To load a dataset by name, use the load_dataset utility. The returned object will be an instance of the appropriate dataset class, such as SingleCellLabeledDataset or SingleCellPerturbationDataset:

from czbenchmarks.datasets import load_dataset, SingleCellLabeledDataset

dataset: SingleCellLabeledDataset = load_dataset("tsv2_prostate")

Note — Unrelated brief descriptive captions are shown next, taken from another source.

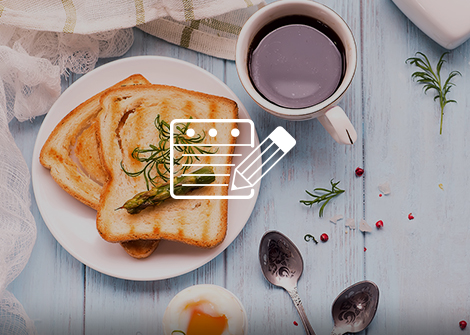 Toast, egg and coffee breakfast on a blue wood table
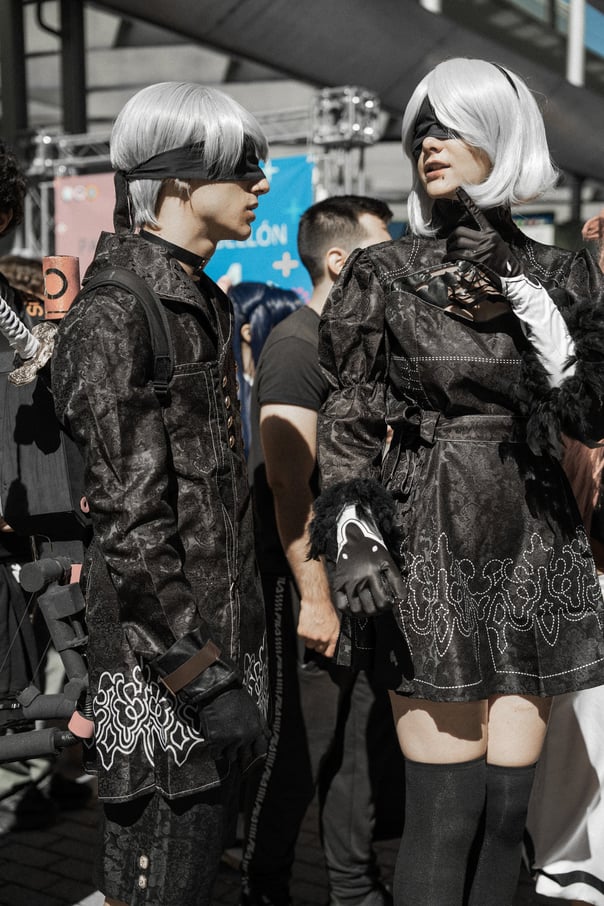 Two cosplayers dressed as 2B and 9S from Nier: Automata at an event in Bilbao, Spain. Detailed black costumes and blindfolds.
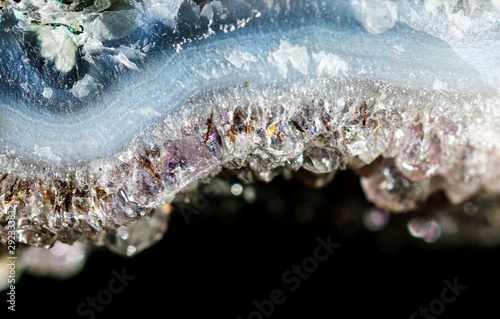 Gemstone Amethyst closeup as a part of cluster geode filled with rock Quartz crystals.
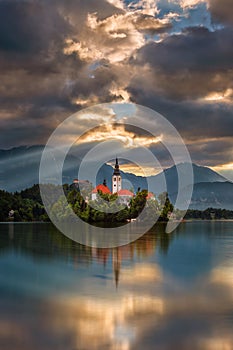 Bled, Slovenia - Golden sunrise at Lake Bled Blejsko Jezero with the Pilgrimage Church of the Assumption of Maria on an island photo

Accessing Dataset Attributes

After loading, you can access the Dataset’s attributes, which vary depending on the dataset type:

For SingleCellLabeledDataset:

adata_object = dataset.adata        # AnnData object with expression data
labels_series = dataset.labels      # Labels from the specified obs column

For SingleCellPerturbationDataset:

control_cells_map = dataset.control_cells_map           # Dictionary: condition → {treatment cell barcodes : matched control barcodes}
target_conditions_dict = dataset.target_conditions_dict # Dictionary of masked gene ids for each condition
de_results = dataset.de_results                         # Differential expression results
control_matched_adata = dataset.adata                   # AnnData object for matched controls

Refer to the class docstrings and API documentation for more details on available attributes and methods.

Tips for Developers

  • AnnData Views: Use .copy() when slicing data to avoid issues with modified “views” in Scanpy.